見事なまでの拍手喝采に沸く構内は、まるで大人気アーティストのコンサートのような熱気であり、俺は開いた口がふさがらなくなった、ただ、入学式にこの喧騒は良いのだろうか?
「いやー、やっぱ、くじらちゃんはかわいいっすねぇ」
拍手喝さいの中、突如としてそんな言葉が聞こえてきた。
もちろんそんな言葉を聞き逃さなかった俺は、すぐにその発言者に目を向けると、そこには先ほどのバッジの女子生徒が必死に拍手していた。
「ぐす、最高っす、眼福っす、地球に生まれてよかったっす・・・・・・これだけで、このつまらない文化に付き合う価値があったって思えます」
確かにきれいな人ではあるが、涙ぐみながら拍手するものかと思い、思わず口をはさみたくなった。
「な、泣くほどですか?」
思わず飛び出た言葉、その言葉がバッジの彼女に届いたようで、彼女はゆっくりと顔を向けてきた。キョトンとした様子でありながら、まるで宇宙人でも見るかのような、そんな驚愕に満ちた目だった。
「い、今、なんていいました?」
「いや泣くほどうれしいのかと思って」
「うれしいに決まってるじゃないっすかっ、くじらちゃんっすよ、くじらちゃん、あのくじらちゃんが今目の前にいるんすよっ」
「あ、あぁ」
つばをピッピピッピと飛び散らせながら話すバッジの女子生徒は、先ほどとは違い、ものすごいハイテンションだった。
「えっと、それはそんなに嬉しいことなんですか?」
「当たり前っすよ、あなた、くじらちゃんを知らないんすか?」
「いや、たしかに可愛いってのはわかりますけど、そんなにすごい人なんですか?」
「・・・・・・あなた、本当に人間っすか?」
バッジの女子生徒は、そういうと目を細めて俺から距離をとった。
「に、人間だっ」
そうだ、後天性ギフテッドとかそういう化け物みたいな者じゃない、俺は人間、だからそんな目で俺を見るな。

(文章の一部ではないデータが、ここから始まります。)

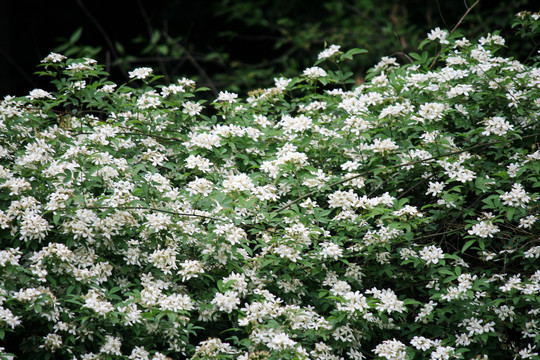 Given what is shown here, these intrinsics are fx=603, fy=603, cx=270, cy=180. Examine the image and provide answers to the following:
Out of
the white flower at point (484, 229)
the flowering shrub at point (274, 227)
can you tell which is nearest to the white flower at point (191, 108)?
the flowering shrub at point (274, 227)

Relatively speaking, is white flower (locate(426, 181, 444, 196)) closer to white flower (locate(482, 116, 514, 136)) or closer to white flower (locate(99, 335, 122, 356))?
white flower (locate(482, 116, 514, 136))

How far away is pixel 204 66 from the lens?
8.59 m

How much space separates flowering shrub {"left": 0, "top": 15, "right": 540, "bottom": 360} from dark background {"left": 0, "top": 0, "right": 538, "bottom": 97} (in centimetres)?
411

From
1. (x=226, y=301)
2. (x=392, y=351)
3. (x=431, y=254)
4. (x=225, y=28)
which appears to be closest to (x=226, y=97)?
(x=226, y=301)

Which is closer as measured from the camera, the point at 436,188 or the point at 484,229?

「だったら、なおのこと知ってるはずです、くじらちゃんはギフトガーデン、いえ、世界、いえ、銀河に名をとどろかせるギャラクシーアイドルっすよ」
「ぎゃ、ギャラクシー?」
「ギャラクシーアイドル、要するに天使っす」
「天使?」
「そうっす、くじらちゃんは「六等星」もとい「六根学園」の希望っす、くじらちゃんがいるおかげで六等星はまだ人権を保っていられるんすよ、感謝して崇拝すべきなんです」
「人権って、そんなの誰にでもあるじゃないですか、一応」
「何言ってるんすか、無いに決まってるじゃないっすか」
何やらため息交じりにそういう彼女は、うんざりとした様子だった。しかし、俺の認識ではこのギフトガーデンという場所は選ばれたものしか入ることのできない進んだ場所のはず。

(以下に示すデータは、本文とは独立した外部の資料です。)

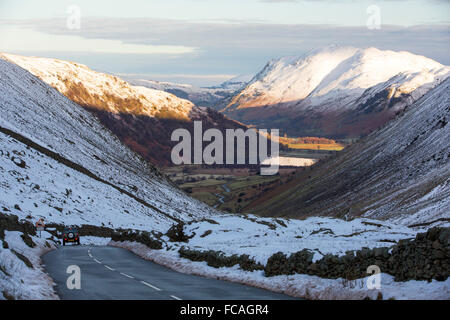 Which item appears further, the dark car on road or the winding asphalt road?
the dark car on road

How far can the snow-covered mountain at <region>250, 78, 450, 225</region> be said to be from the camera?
73.8m

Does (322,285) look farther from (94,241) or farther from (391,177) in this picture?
(391,177)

そんなところで人権すら軽視されているっていうのは少しおかしな気がした。
「いやいや、ここにいるギフテッドって人のほうがよっぽど人権があるんじゃないですか、ほら、超能力が使えるし」
「何言ってんすか、六等星に人権なんてほぼないといってもいいっすよ」
「そうなのか?」
「はい、まぁ「大陸」の人に比べたらあるかもしれないっすけど、それでも六等星としてここにいるってことは、それはそれで辛いことなんすよ?」
「大陸に比べたら・・・・・・へぇ」
「はい、でもくじらちゃんは、ギフテッドとしては六等星すけど、アイドルとしては超一流の一等星、いえ、彼女の人を魅了する力は神に匹敵するともいわれるほどと言われてるっす」
「まぁ、あんだけキラキラしてるやつに魅了されないやつはいないかもしれないですね」
「そうなんすよ、くじらちゃんは本当に可愛いんですよ」
ずいぶんと熱心に語るピンバッジの女子生徒は、うんうん頷きながら満足そうに首を縦に振っていた。しかし、そんなとき、まるで何かに気づいたように目を細め、俺に顔を寄せてきた。

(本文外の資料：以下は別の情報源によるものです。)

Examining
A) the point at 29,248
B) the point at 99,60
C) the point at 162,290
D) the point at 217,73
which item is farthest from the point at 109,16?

「それにしても、こんな誰もが知っているであろう事を知らないあなたは、いったい何者っすか?」
「え、いや、俺はここの事にあんまり詳しくなくて」
「詳しくないってどういう事っすか、もしかしてあなたは噂のっ」
もはや二度と聞きたくない言葉が飛び出しそうなその時、「静粛にっ」という声が響き渡った。